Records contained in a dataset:
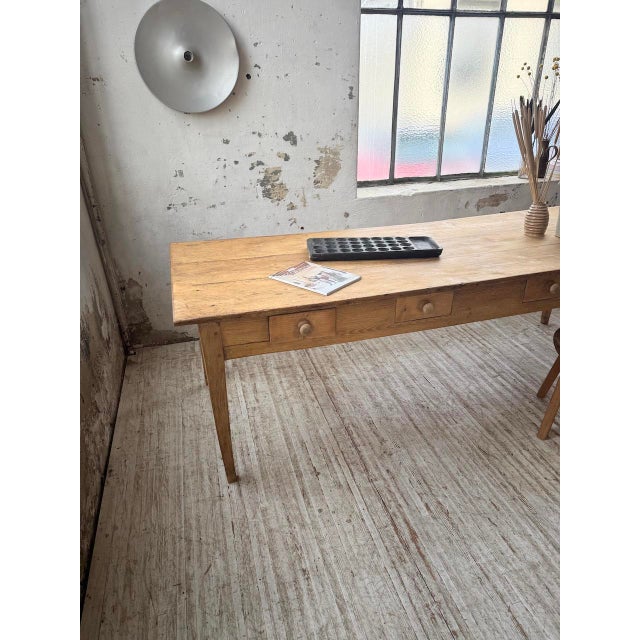 Pine and Oak Farmhouse Table with Drawers, 1950s For Sale - Image 14 of 18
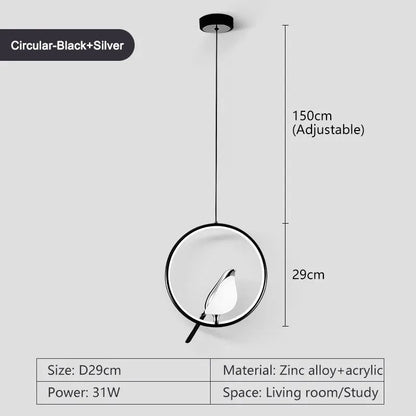 Suspension ronde en forme d'oiseau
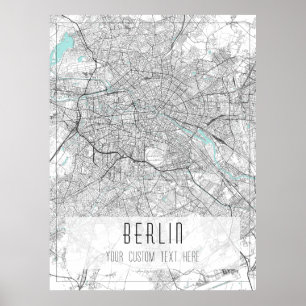 Berlin City Map, Black, White and Blue Poster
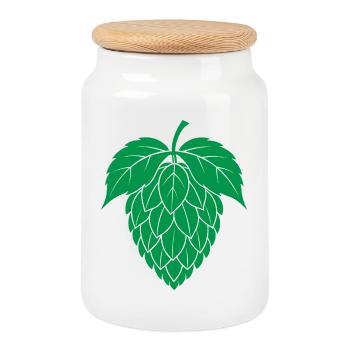 Hopfen - Keksdose mit Holzdeckel - Weiß - Vorne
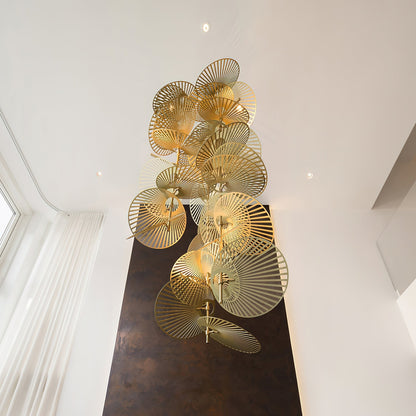 Cattail Leaf Chandelier with Adjustable Height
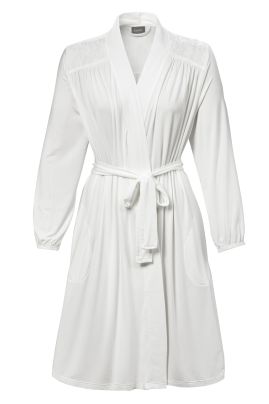 Dressing gown with lace Off-white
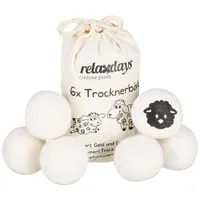 Relaxdays 6x Trocknerbälle Weiß,Schwarz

The problem:
When you copy the data above, keep each line exact and omit the pictures.

Solution for this exercise:
 Pine and Oak Farmhouse Table with Drawers, 1950s For Sale - Image 14 of 18
 Suspension ronde en forme d'oiseau
 Berlin City Map, Black, White and Blue Poster
 Hopfen - Keksdose mit Holzdeckel - Weiß - Vorne
 Cattail Leaf Chandelier with Adjustable Height
 Dressing gown with lace Off-white
 Relaxdays 6x Trocknerbälle Weiß,Schwarz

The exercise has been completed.